This painting seminar studio course represents a genuine introduction to critical theories that relate to the construction of meaning in visual culture. We will begin at the level of the “sign,” quickly studying the basics of semiotics, as well as theoretical movements inspired by semiotics: structuralism and poststructuralism. We will identify key concepts from influential thinkers of the modern and postmodern period crucial to both a theory of the sign as well as its usage as a cultural lens. Additionally, we will apply this awareness through a racial political lens. First, by reading Frantz Fanon and other seminal articles that reveal how white supremacy and colonialism has violently and continuously impacted non European, colonized, cultures and how that oppression structures our society. Our aim is to practice our burgeoning epistemologies including CRT towards institutional and cultural critique.

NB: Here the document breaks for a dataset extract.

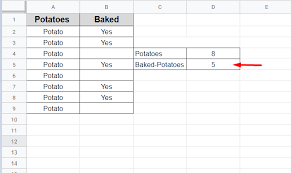 google sheets count if two criteria match in two cells in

Furthermore, we will look deeply at white American folklore, cultural mythologies and origin stories with an aim to deconstruct the signs and signifying tropes of white supremacy, moves to innocence and privilege so that we may get at the sourcing and pathology of racism and colonialism.

Students will be able to develop a critical painting practice inspired by this research so we may meaningfully disrupt entrenched social hierarchies with new demystifying signifying concepts and vital revolutionary pictorial expression advancing painting as a social art practice. Overall strategies are situated in cultural critique and painting as a form of social activism. The goal is for visual artists (students) to shift into this paradigm therefore expanding the notion of art and art practice.